Can it be almost a decade already since I read, Translating Horses: The line, the thread, the underside, edited by Jessica Heimstra and Gillian Sze (Baseline press, 2015)? How long since Outlasting the Body and Apologetic for Joy? 2009 and 2011. Wow. Goodness. I was curious where she would explore next. It’s interesting to see where she went. She called this work, Blood Root, a reconciling with history (She may have used a better word.). Her grandfathers were ministers, her parents missionaries and it weighs on her the history she inherited of Dutch transgresses and personal culpability for the sins of forefathers. She wrote in this work with turns back and forth among subjects causing both leap and continuity and through line. The idea of the Biblical Talmudic vengeful god became increasingly problematic in her life leading to the piquant lines, “may god drown in the milk of mothers” and “I want god to be in the diminutive”  

The third reader of the evening, Em, was relating her sad racist environs as a child as it impacted her. “10-or-11-year-old-me hopes I will be sterile like a mule.” Some people were rushing the book table for this one too.

Overall a strong starting night.

I wasn’t going to take the mantle of thankful posting for the privilege of witnessing the poets this year but this process gives me a chance to reflect.

I’m not going to be obsessive like some years, going to every event, livetweeting, taking hundreds of photos, even with fresh concussion, migraine, meds and hiding in hoodie, cap and sunglasses. That was a mad caper.

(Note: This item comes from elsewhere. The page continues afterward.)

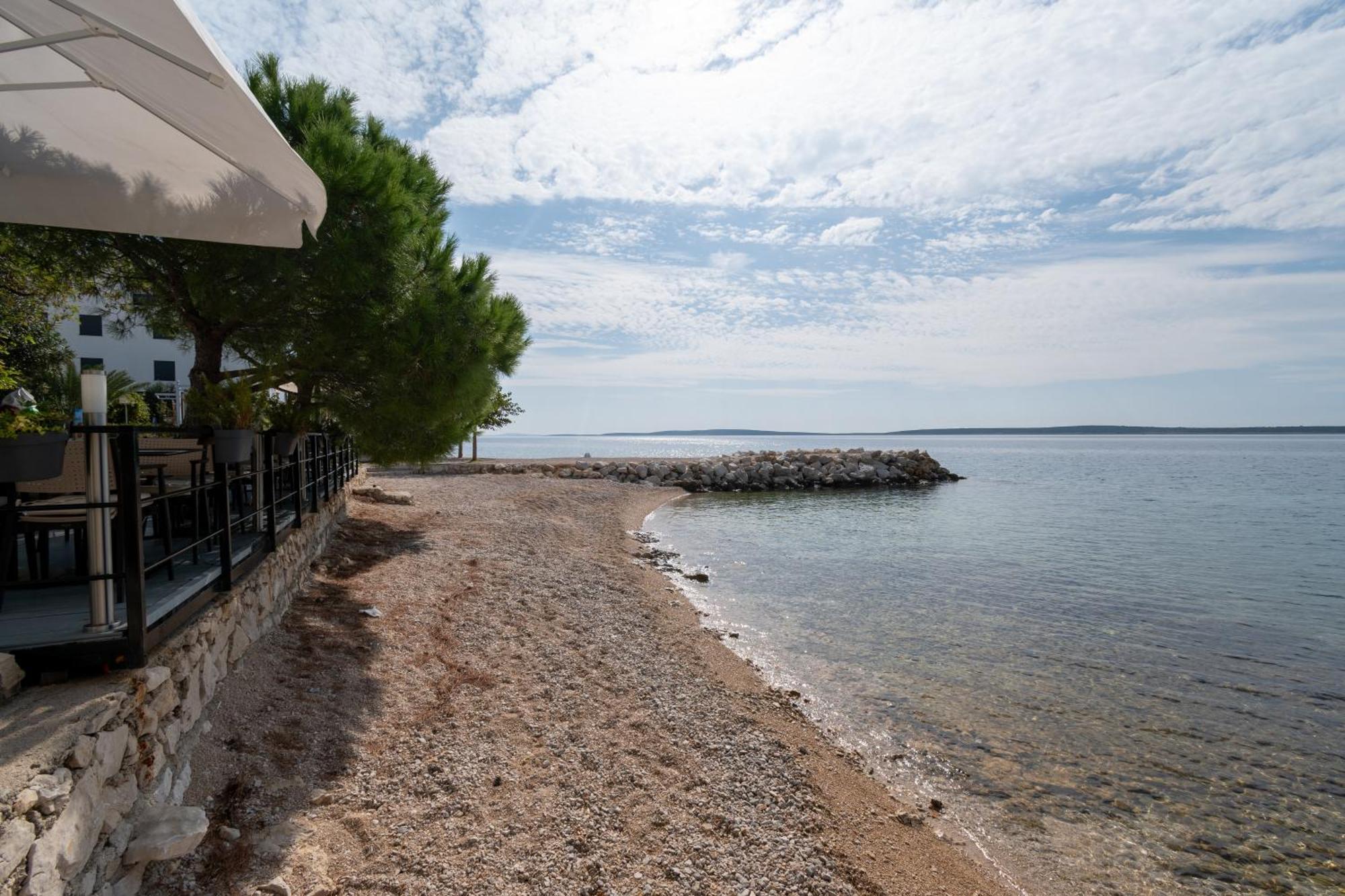 Apartments And Rooms By The Sea Mandre, Pag - 3557 Kolan Exteriör bild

I have a library shift in conflict with tonight’s but recently heard and read Laurie and Adrienne’s works. My body can’t do 9pm poet-time start time, an hour’s event and an hour’s commute. I’d be deadwood for days. Maybe Pamela Mosher will table at the small press fair in June and I can see what’s new there.

Friday Eileen Myles does a lecture at Carleton University. I don’t want to miss. Their Saturday workshop essentially fulled up instantly.

If you’re wanting to see Andy Weaver, Phil Hall and Therese Mason Pierre, you might want to get tickets ahead. Word is that event’s pretty popular.

Poetry wise this is my biggest thing until the May Haiku Canada Weekend which I’m probably going to take a stab at going to, and chapbook launches, in June probably. I should get on that.

I figured at the rate I compose poems, and taking the cardinal rule that 90% of everything is shit, with that remaining salvageable 10% I could put out two poetry collections every year, even if with a delay of years for letting them sit, rot down, ripen, grow, go to market and whatnot. There’s already so much out there that I can’t even stay on top of forthcoming titles’ names, let alone read just the Canadian stuff of most interest with due attention. But as usual, I’m going to give it a college try. And I’ve decided that 10% of my reading at least will be held for re-reading. All of which is off-topic of VF I suppose, but not off-topic of more poetry to everyone always.